=== TASK DESCRIPTION ===
Write the data below out exactly as it stands. Do not include the pictures.

=== GIVEN RECORDS ===

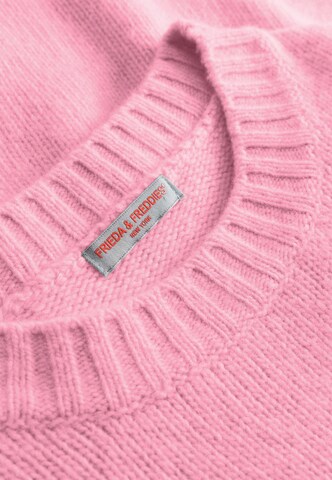 Frieda & Freddies NY Pullover in Pink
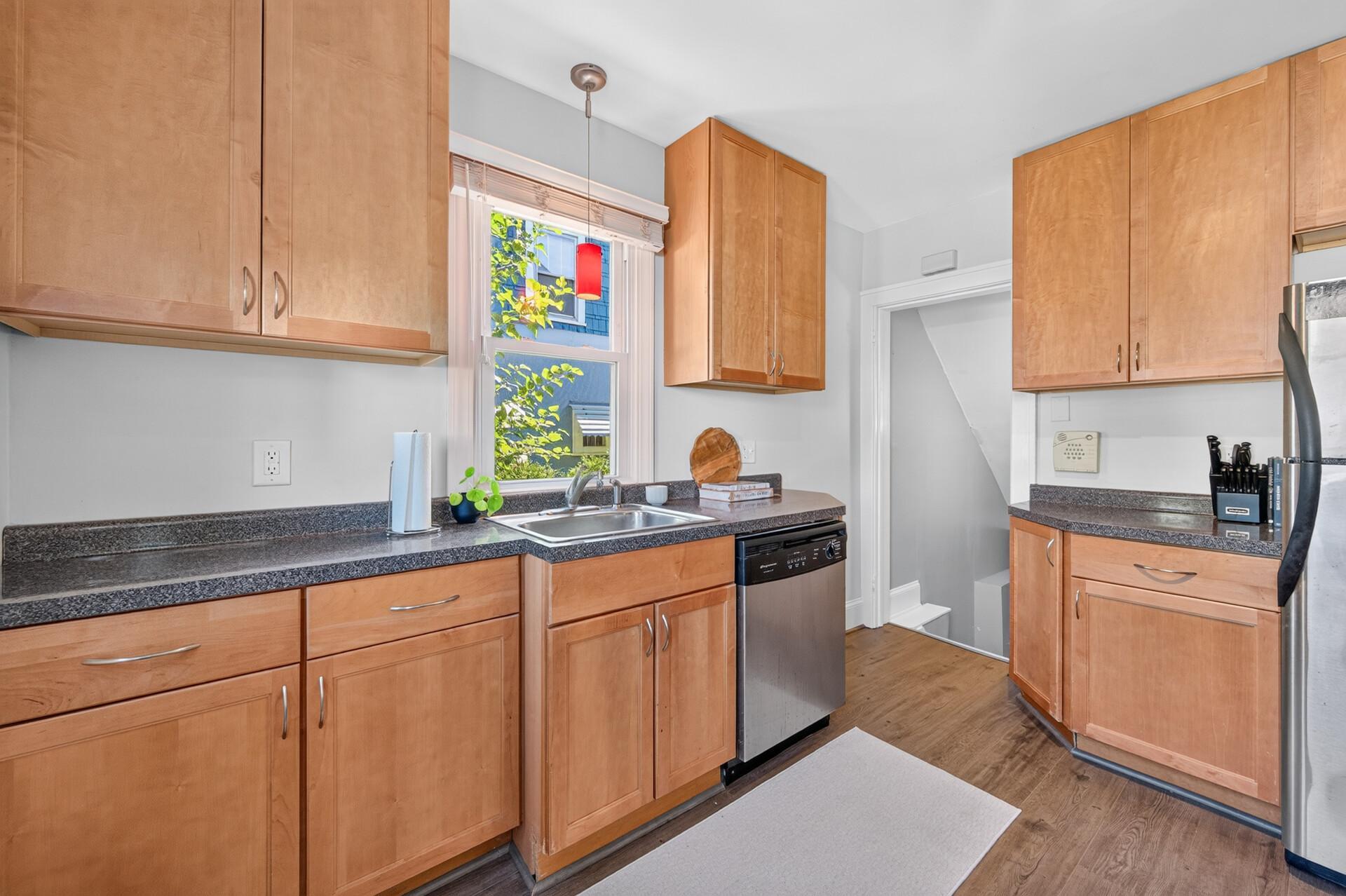 View of Residential at 1439 Stanford Avenue, Saint Paul MN 55105, Saint Paul (10 of 26) - Mike Wilen | Minnesota Team Real Estate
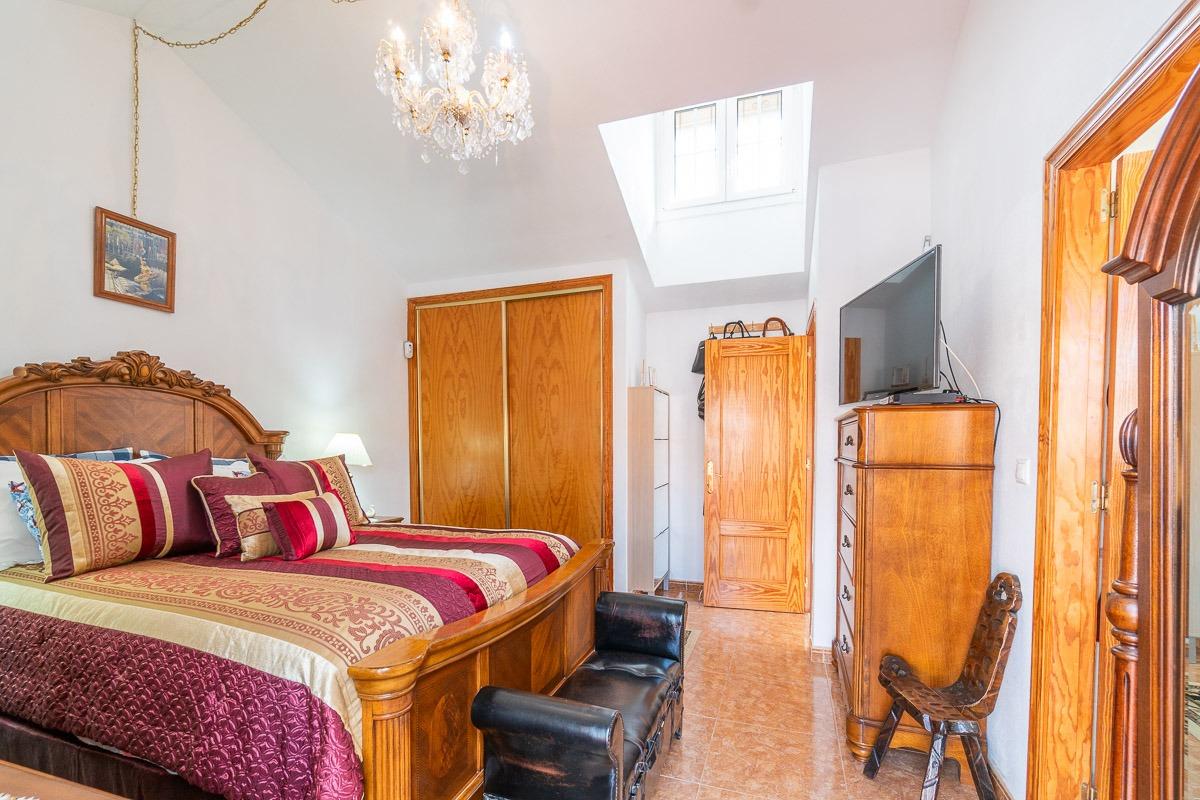 For sale - 3 Bedroom 2 Bathroom Terraced house in Villamartin - PAU26  - Alicante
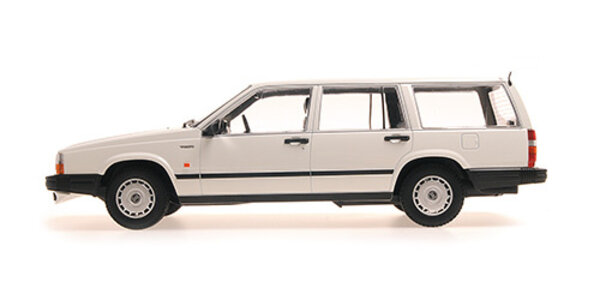 Volvo Volvo 740 GL Break 1986 - 1:18 - Minichamps Volvo Volvo 740 GL Break 1986 - 1:18 - Minichamps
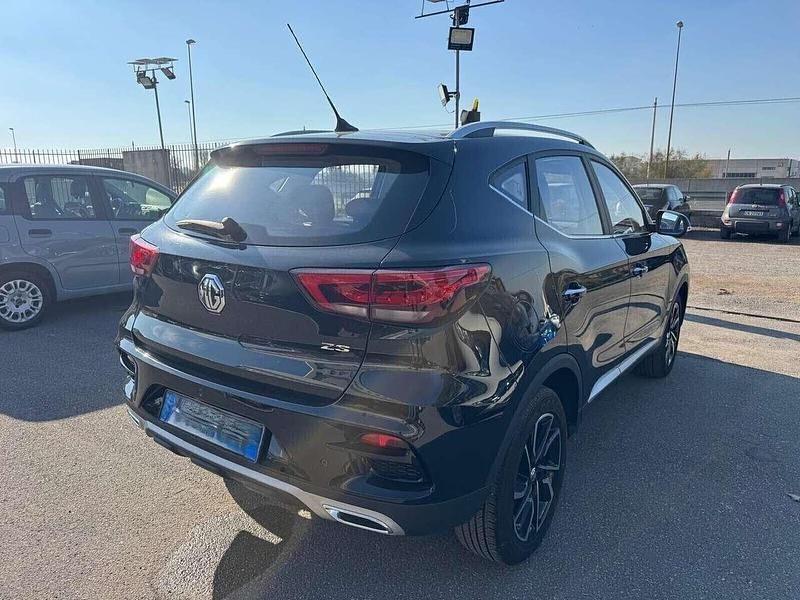 Usata MG ZS Luxury 106 CV (77 kW) 2024 Nero SUV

=== RESULT FOR THIS TASK ===
 Frieda & Freddies NY Pullover in Pink
 View of Residential at 1439 Stanford Avenue, Saint Paul MN 55105, Saint Paul (10 of 26) - Mike Wilen | Minnesota Team Real Estate
 For sale - 3 Bedroom 2 Bathroom Terraced house in Villamartin - PAU26  - Alicante
 Volvo Volvo 740 GL Break 1986 - 1:18 - Minichamps Volvo Volvo 740 GL Break 1986 - 1:18 - Minichamps
 Usata MG ZS Luxury 106 CV (77 kW) 2024 Nero SUV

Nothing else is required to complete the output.